Liftoff from California's Vandenberg Air Force Base came at 9:12 a.m. local (12:12 p.m. EDT; 1612 GMT) when the day's narrow launch window opened to ensure delivery of the payload into the desired polar orbit.

 
Credit: Pat Corkery/United Launch Alliance
 
The kerosene-fed main engine developed in Russia fired for the initial four minutes of flight before the hydrogen-fueled Centaur upper stage assumed control for its 11-minute burn over the open ocean to target a 463-nautical-mile high orbit.

About 18 minutes into the flight, the Defense Meteorological Satellite Program F18 spacecraft successfully released from the rocket to begin its $500 million mission to track the weather across the planet.

"This is an incredibly important mission for our nation," said Col.
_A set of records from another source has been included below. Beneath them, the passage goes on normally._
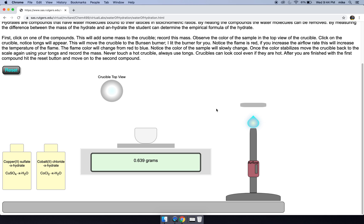Let's just check real quick. 0.639 grams. Let's move it back one more time and let's just see if it changes.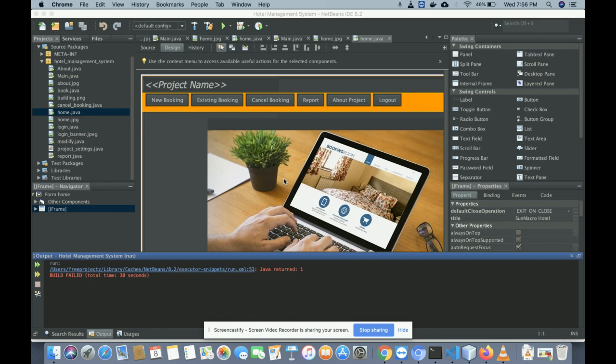This is a Windows-based application. All the components have been designed using Swing components like buttons, text boxes, and radio buttons. All components have been placed using Swing, and this is a core Java project. All data is stored in the MySQL database.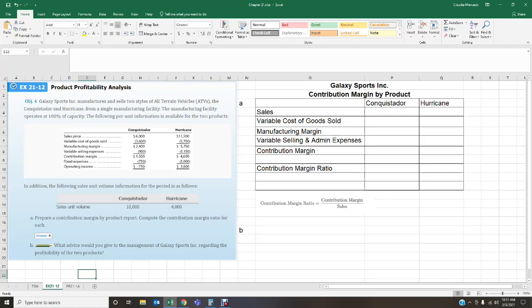In addition, the sales unit volume information for the period is provided: we manufacture 10,000 Conquistadors and 4,000 Hurricane ATVs. We are being asked to prepare a contribution margin by product report and compute the contribution margin ratio for each. I've got the report set up — we start at the top with the name of the business, Galaxy Sports Incorporated, and we're preparing a contribution margin by product report with columns for the Conquistador and the Hurricane.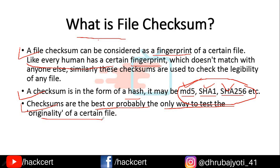I don't support piracy, but what these people do is that whenever a cracked software is released, they generally try to change the coding of the file so that when it is running it will not ask you for money. It will simply cut the communication medium between the client and the server so that the file doesn't ask you to pay before you use it. Whenever they break that communication medium, they change the coding in that certain file, and its checksum will completely change.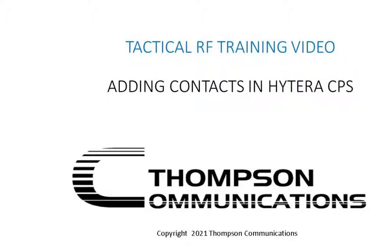Hi, it's Jay Thompson with Thompson Communications, DBA Tactical RF. This training video is going to show how to add contacts on Hightera CPS.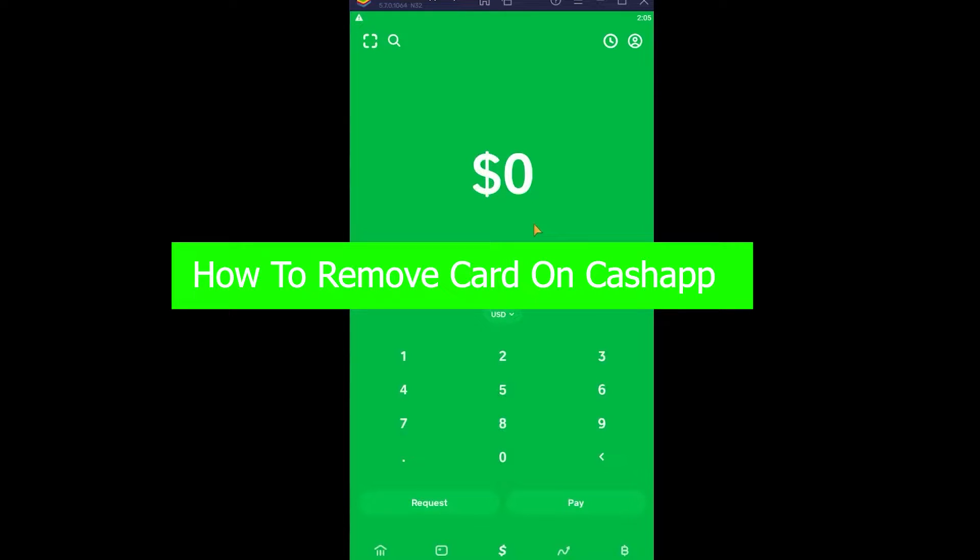You're watching Want To Step YouTube channel, a channel where we post tutorial videos. In today's video, I'm going to be showing you how you can remove your card on Cash App.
Michael Moran, the Atlas Group commander. "Little happens on today's battlefield without a very clear picture of the weather."

"As a weather satellite, we tend to get just a little respect. It's certainly not as sexy a mission as some -- GPS, for example, which is famous around the world now," said Col. Stephen Pluntze, Defense Meteorological Satellite Systems Group commander at Los Angeles Air Force Base.
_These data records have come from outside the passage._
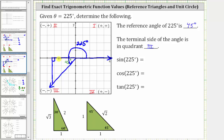Notice how we have a 45-45-90 reference triangle. We can label the two legs positive one and the hypotenuse square root two. But in this case, because we're in the third quadrant where both x and y are negative, both legs will be negative one. So because x is negative, this leg is negative one, and because y is negative, this leg is also negative one. The hypotenuse is always positive, which is square root two.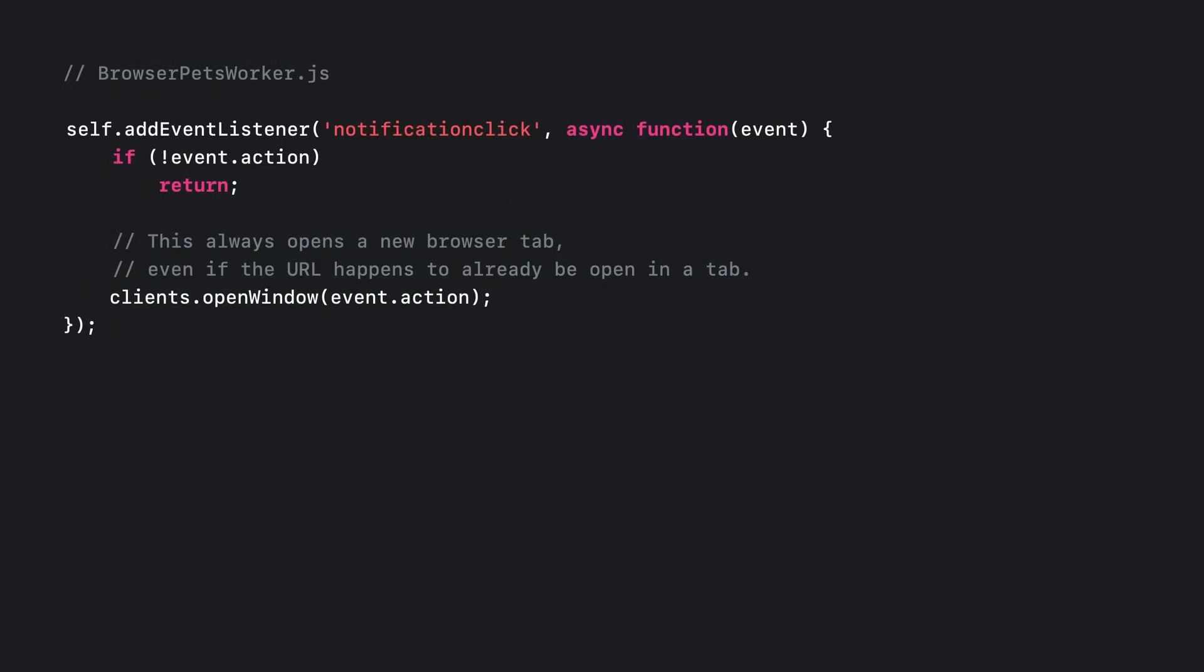After the notification is shown, we need to handle the user clicking on it. One more event for our service worker script to handle. In this notification click handler, Browser Pets will take the URL from the notification that was clicked to open a new window. Take note, this is a very common pattern. That's all the JavaScript we need to write to support web push.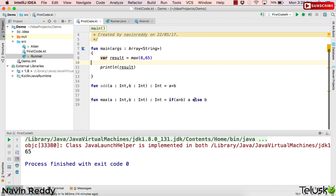Welcome back, aliens. I'm Navin Reddy from Telusko Learnings. In the last video we saw how to create functions and function expressions, and everything was working when you worked only with Kotlin.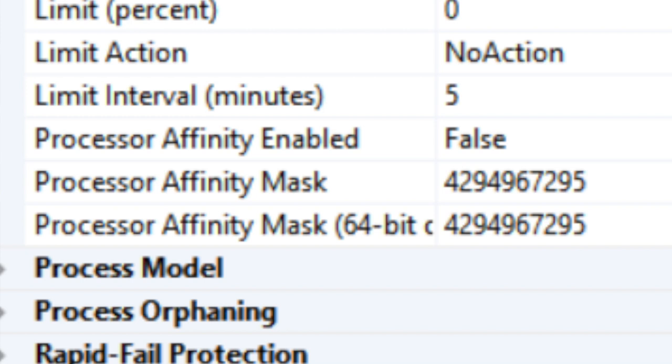I absolutely love this feature in IIS — it gives you real control. Moving on, there are three more properties called Processor Affinity. I've personally never used this, but I can imagine someone needing it. Let's talk about it a bit.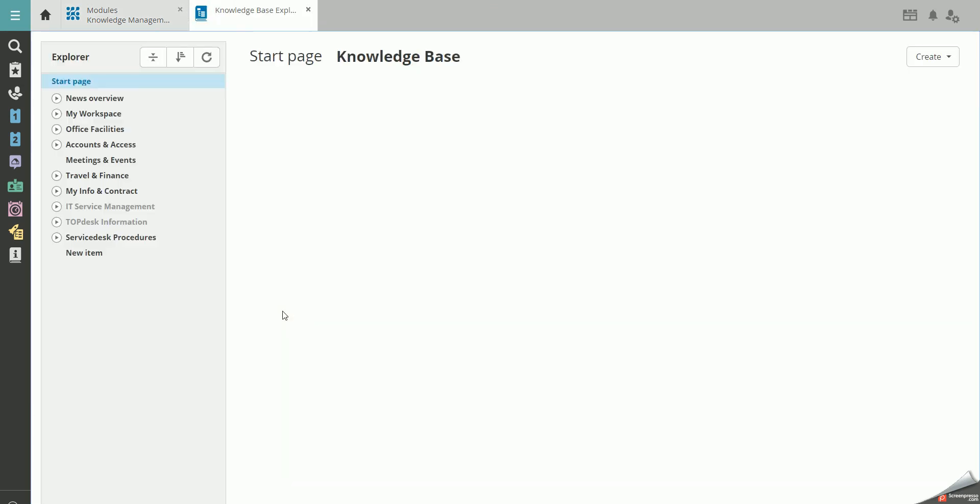Here you can structure your Knowledge Base in many different ways. You have the overall start page which contains all the headers, also known as parents, of your Knowledge Base's hierarchy.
"DMSP has been providing weather-related data to the nation for nearly 50 years. These satellites are optimized for the military but they also provide civilian forecasters with information about developing terrestrial weather and space weather, the existing weather systems over remote areas on the Earth and anticipated hazards to people and our resources. The weather-related data has provided improved ways of detecting severe weather fronts and determining their strength."

Unlike the civilian geostationary satellites parked 22,300 miles above Earth to focus on one region of the planet and capture the imagery of clouds seen on television weather reports, the military's DMSP satellites fly far closer to the ground and see virtually the entire globe twice daily.

"With the lower altitude, the data fidelity is much higher, we're just closer. It's a close-up picture vs. one that's farther away. And because we cover the whole Earth, we are much more responsive to the military's requirements as far as targeting different areas and being able to look at different things at different times rather than staring at one place," Pluntze said.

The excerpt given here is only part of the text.